Survival and Effect of Ki-67 on the Risk of Disease Progression

All patients in the study group experienced a CR after ASCT with rituximab. The median follow-up interval for surviving patients was 38 months (range, 11 months-145 months). The estimated 4-year OS and PFS rates were 82% (95% confidence interval (95% CI), 0.61-0.92) and 59% (95% CI, 0.39-0.75), respectively. Twelve patients experienced disease recurrence; 11 occurred within 3 years of ASCT, with a clear plateau emerging after 3 years.
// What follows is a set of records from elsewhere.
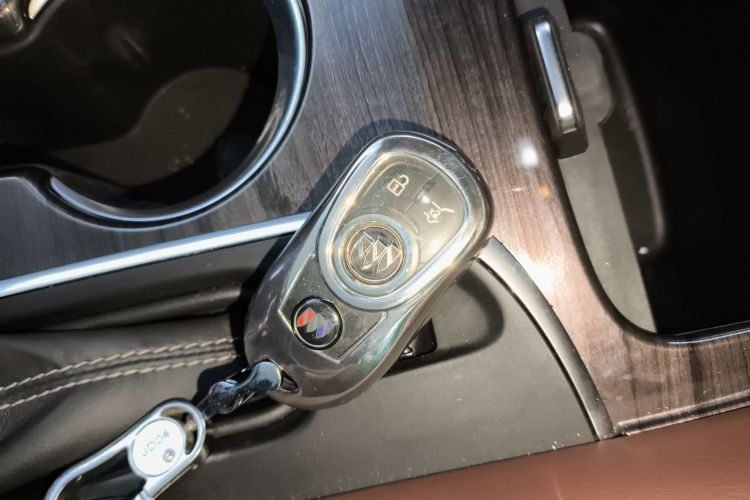 别克 昂科威 2017款 28T 四驱精英型中控内饰11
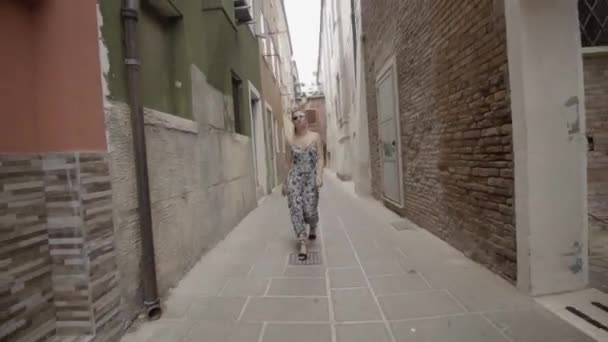 Woman Walks Street Chioggia Venice — Vídeos de Stock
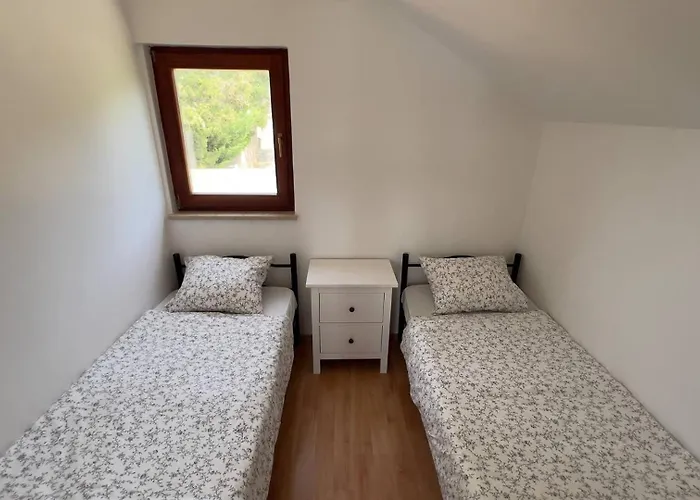 Four-bedroom Seafront In Вилла Масленица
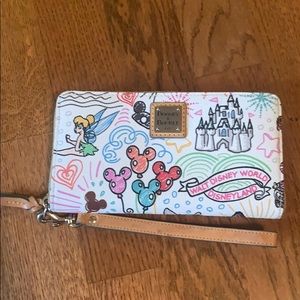 Dooney & Bourke zip Wallet Disney edition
On univariate analysis, the only determinants that were found to be predictive of an increased risk of disease recurrence were blastoid morphologic features (P = .05) and a Ki-67 level of > 30% at diagnosis (P = .02) (Fig. 2A). Blastoid features were also found to be highly correlated with Ki-67 levels; 7 of 10 patients with blastoid features had a Ki-67 level > 30% and 13 of 16 patients without blastoid features had a Ki-67 level ≤ 30% (P = .01). Because of sample size limitations, the independent effects of blastoid features and Ki-67 level could not be assessed on multivariate analysis. Seven of 11 patients with a Ki-67 level > 30% experienced disease recurrence within the first 3 years versus only 3 of 16 patients with a Ki-67 level ≤ 30%. The only other single recurrence noted within the first 3 years occurred in patients with unknown Ki-67 levels.

image

Figure 2. (A) The risk of disease recurrence after autologous stem cell transplantation (ASCT) with rituximab (RTX) according to the Ki-67 level at the time of diagnosis is shown. (B) The 39 patients who had undergone ASCT with RTX had lower rates of disease recurrence compared with the historical control group of 30 patients who had undergone induction therapy with hyper-CVAD (cyclophosphamide, vincristine, doxorubicin, and dexamethasone), high-dose cytarabine, and ASCT but not rituximab. (C) Progression-free survival rates are shown in the study group according to prior induction therapy, with or without high-dose cytarabine, versus those in the control group.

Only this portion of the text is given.